Both Cyanogen are Ubuntu are minor issues. What Samsung is doing is major issue: it tries to establish it's own “ecosystem” which may lead to separation from Google's mothership in the future. So far Samsung is not too successful (not many prefer Samsung's store to Google Play store) but it has money and patience to pull it of eventually.
Cyanogen does not try to create it's own ecosystem (indeed: huge efforts are made by it to actually join the Google's “ecosystem”!) and in reality it does not look all that different from other Android vendors (from Google's POV, at least) and while Ubuntu may theoretically be a major problem in the far future it's offers are so disorganized and confused right now that it's impossible to even say what it's plans are going to be.
They're already way late to the party.
That's why they are trying to jump to the next party. Smartphone world is mapped and covered: it belongs to Android and iOS and this situation is basically untouchable right now. But next stage will be convergence of desktop and mobile. Here we have two mediocre players (Andoid and Windows) which hold “half of a loaf” each (Windows has desktop while Android has smartphone; both Windows phones and Adroid “desktops” exist but in both cases these are early, not very capable and very popular models). Apple is in best position, but even Apple does not have the whole loaf: it has two halves which are currently disjoint and must be connected somehow.
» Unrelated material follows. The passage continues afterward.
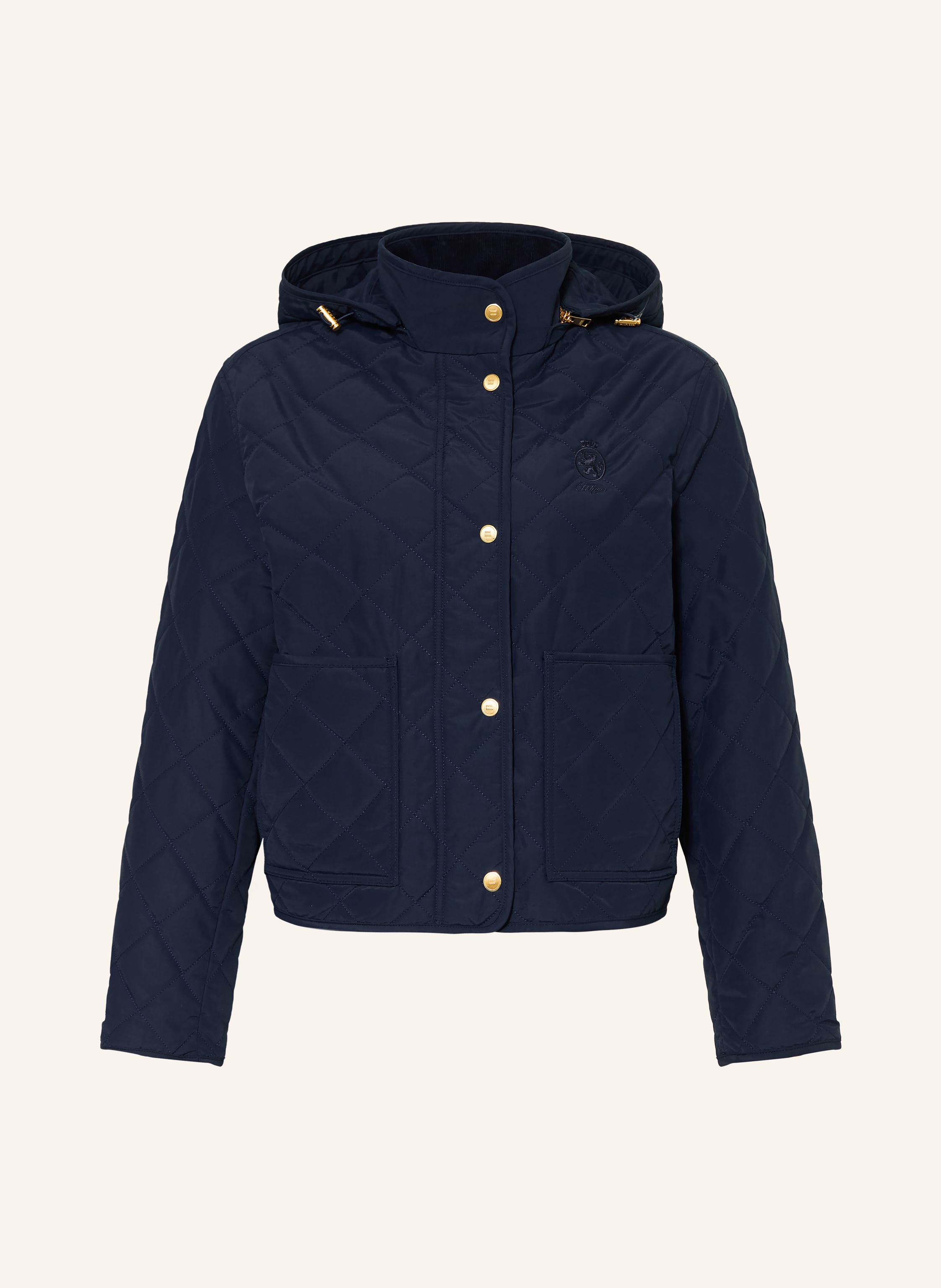 Tommy Hilfiger Steppjacke Mit Abnehmbarer Kapuze blau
This, indeed, opens up some window of opportunity for the Ubuntu, but I'm not sure I see the coherent offer which may grab people's attention. It looks more like mindless “throw everything at the wall to see if it sticks” trashing. Samsung can afford such behavior (after all his devices bring solid profit even if all it's addons are not really used by users), but I'm not sure if Ubuntu can afford to do that for very long: this party will be well underway in a couple of years, too.